I wrote about Claire on this blog, back in 2011, but that was more about her writing. Now I want to tell you about this woman, uniquely independent during a time when it was uncommon.
Look at those dimples, those eyebrows, those eyes. I loved her cheekbones, and even more, I loved the impishness of that smile. Even when I was young and she was elderly, I wanted to know the stories behind that smile, the secrets of a life obviously well lived. I wanted to know the joy the cheeky grin hinted at, the path she’d followed.
And yet, her joy in life was of a private sort, and shared with few.
In an age when women married young and lived subservient to their households, Claire didn’t.
Oh, she started out traditionally enough, working as a secretary. But then those long legs of hers took her down a different path.
In the 1940s she traveled the world as a classic pianist.
In the 1950s she returned home to deal with the death of her mother in a house fire, and to take over the care of her aging grandparents. This was still somewhat traditional for the time period, as she was a ‘spinster’.
But things changed. She began to withdraw from the world, and to pull the shawl of privacy over her shoulders. She gathered homeless animals around her. She took in an abused horse, and built a barn for it by herself, living in the barn with the horse until she could build a house. A cat with a gangrenous leg that had to be removed. An old cow that could no longer give milk, with jutting hipbones, left on the side of the road. Dogs dumped in the woods that surrounded her home. She kept them all.
I knew her then (twelve dogs, numerous cats, an ancient horse, and a fat cow at that point). Mom would take us kids out to visit her in the woods, with all those animals and the old growth trees and an outhouse that scared my youngest sister. Or maybe it was the bear that visited regularly. Or the violent dog named Lummox, who had to be chained to a tree when we visited. When Claire’s grandparents finally died, we thought she would move back out into the world. But instead she withdrew even more.

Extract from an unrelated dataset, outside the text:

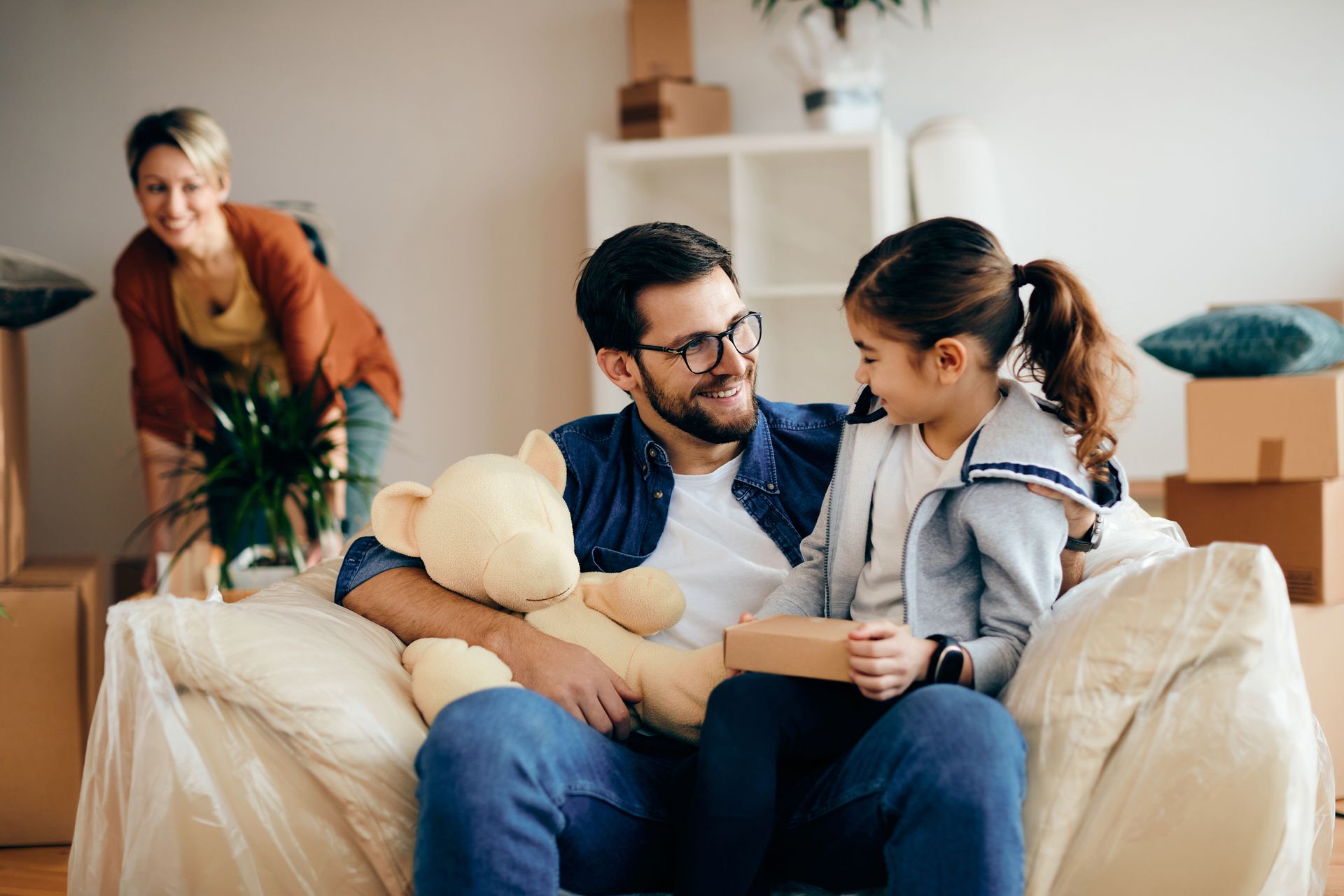 Family sitting on a couch with a child, chatting in a cozy living room; another adult stands nearby.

By the time I was in my twenties, and she was in her eighties, she no longer had a phone or a car, or any living relatives. I took over doing her grocery shopping for her, visiting once a week. It was her only contact with people. She chose the life of a hermit surrounded by her animals.
In an era where women were expected to raise a family, she lived alone. In an era where women were tentatively stepping into the work force, she stepped away.
You’d think, from what I just described, that she had maybe suffered some trauma. My mother thought Claire had been jilted at some point in the past, or possibly lost a fiancé in the war. I asked Claire that and she laughed her wonderful, free, musical laugh that I loved. No, she said, that’s just your mother trying to make me fit the stereotype. She said women weren’t allowed to be alone unless something awful happened. She said people thought a broken heart was the only reason a woman would be a hermit.
She said she just liked her own company. The woods. Her writing. Her beloved pets.
I have no photos of her from the time I knew her. But even in her eighties she was still tall and long-legged. The smile was still impish, still hinting at mischief. She wore heavy logging boots, jeans, a man’s flannel plaid shirt, and suspenders. She spent more time outside than in. She kept diaries, one of which I have. The one in which she wrote about the death of my father.
She chose the life she wanted to live, and stayed true to that path. It wasn’t the expected path for women in her lifetime. But then, she always was an independent woman.